• [Dataset]:
┌────────

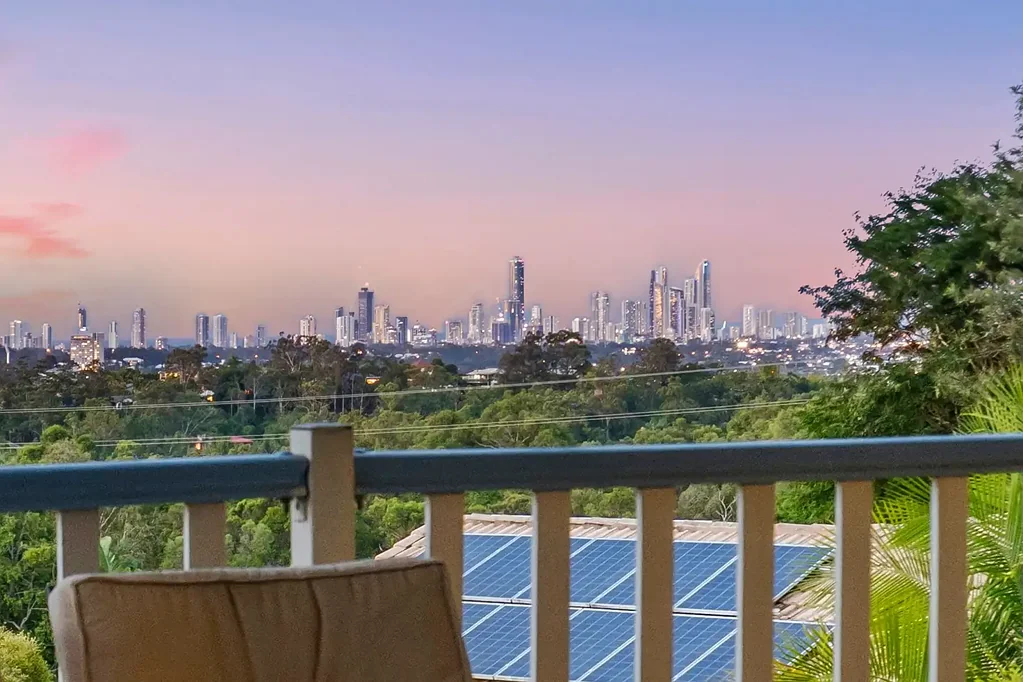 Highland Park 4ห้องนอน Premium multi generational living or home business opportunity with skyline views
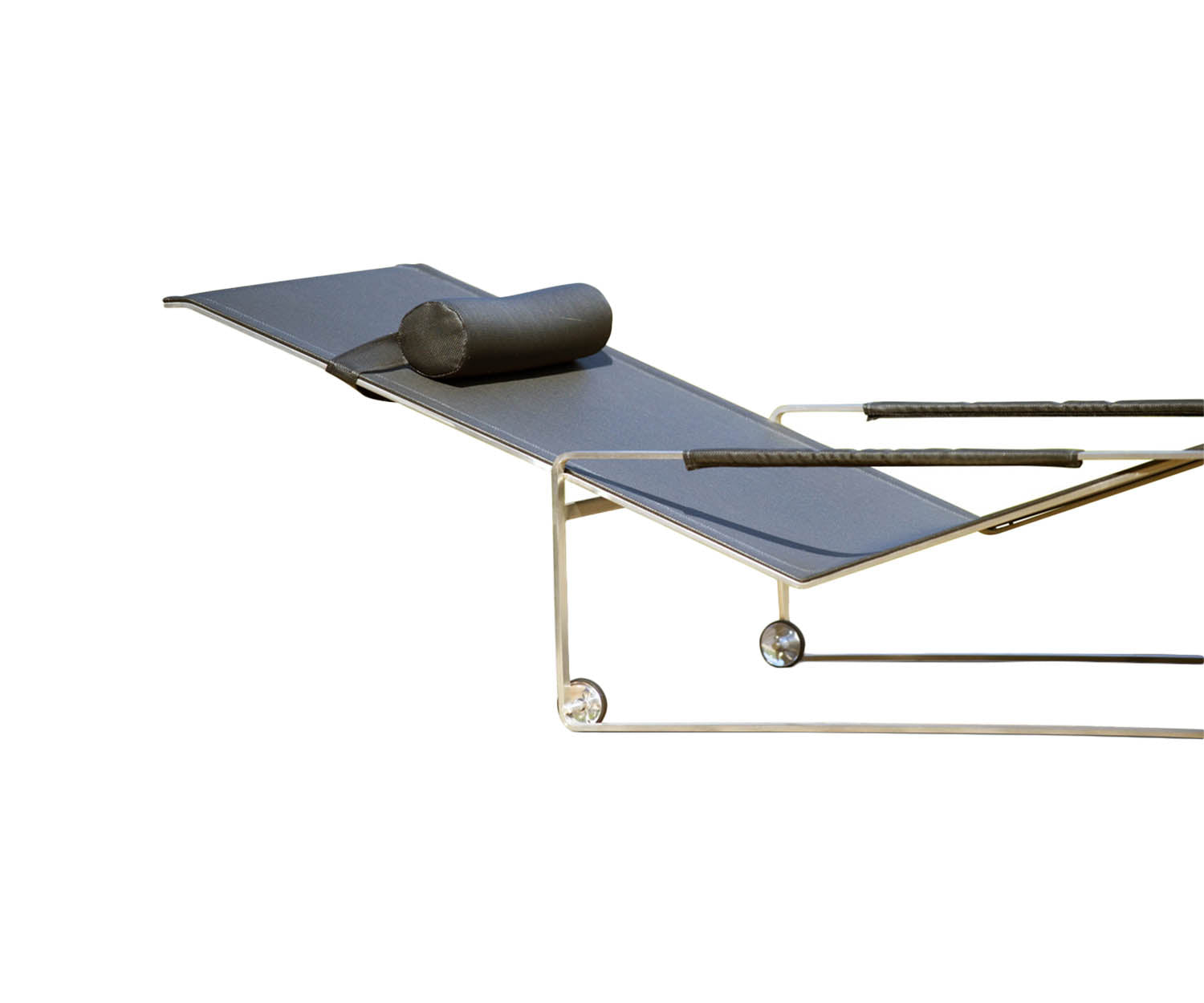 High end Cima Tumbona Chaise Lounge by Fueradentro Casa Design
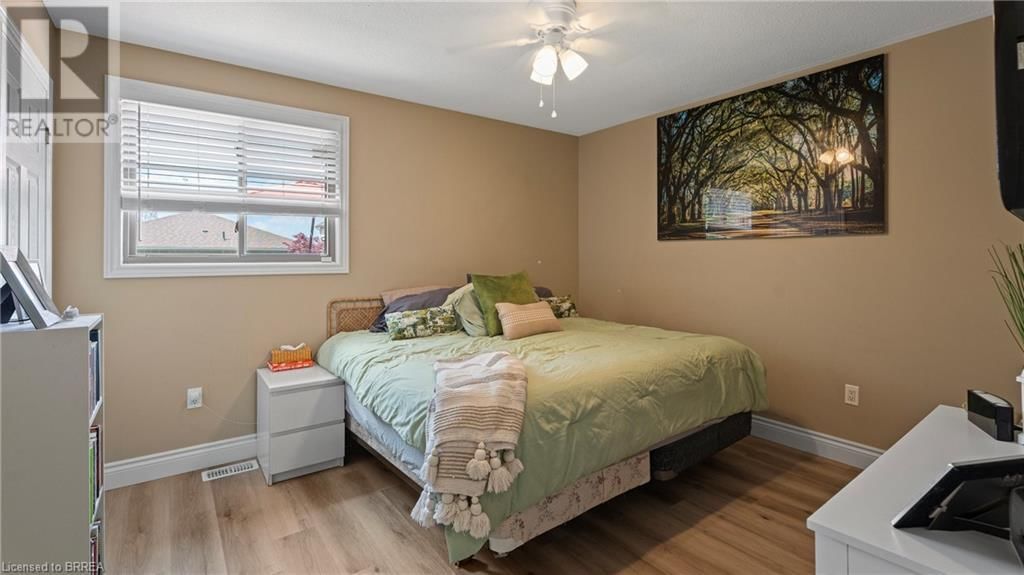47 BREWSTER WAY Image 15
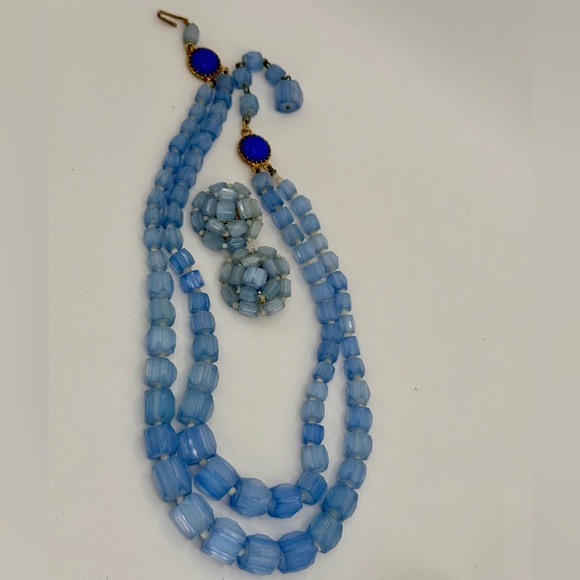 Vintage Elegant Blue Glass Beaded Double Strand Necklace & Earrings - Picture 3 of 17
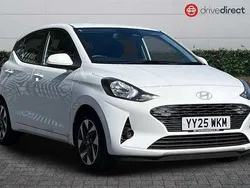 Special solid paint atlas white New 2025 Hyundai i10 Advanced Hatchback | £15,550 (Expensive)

└────────
┌────────

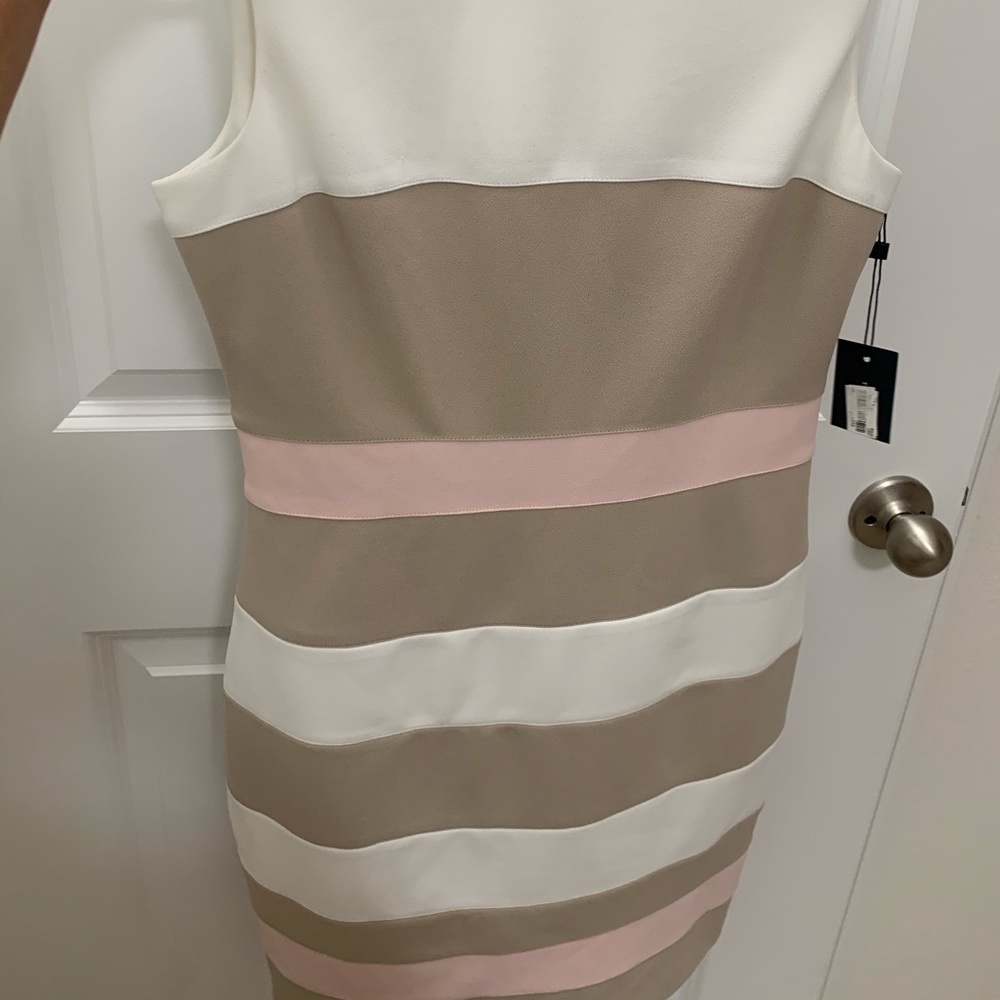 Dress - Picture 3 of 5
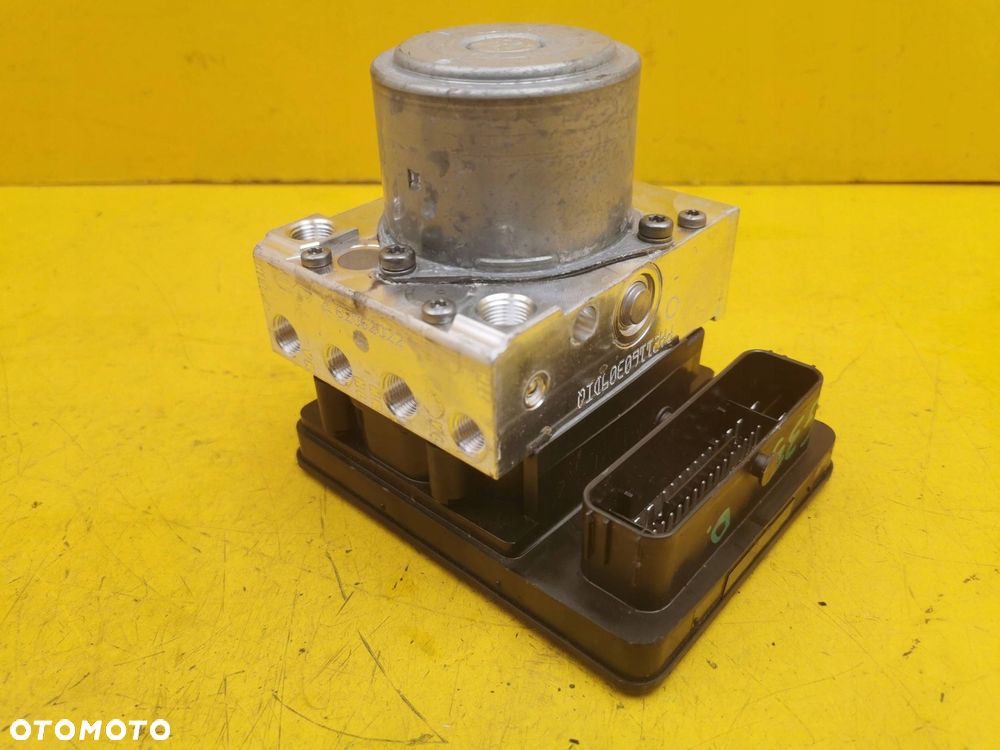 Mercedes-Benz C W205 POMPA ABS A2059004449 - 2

└────────

• [What you will do]:
Beginning with the line that contains "High end Cima", write out the lines of the material above exactly, and end with the line that contains "Special solid paint". Omit the pictures.

• [Response for this exercise]:
 High end Cima Tumbona Chaise Lounge by Fueradentro Casa Design
47 BREWSTER WAY Image 15
 Vintage Elegant Blue Glass Beaded Double Strand Necklace & Earrings - Picture 3 of 17
 Special solid paint atlas white New 2025 Hyundai i10 Advanced Hatchback | £15,550 (Expensive)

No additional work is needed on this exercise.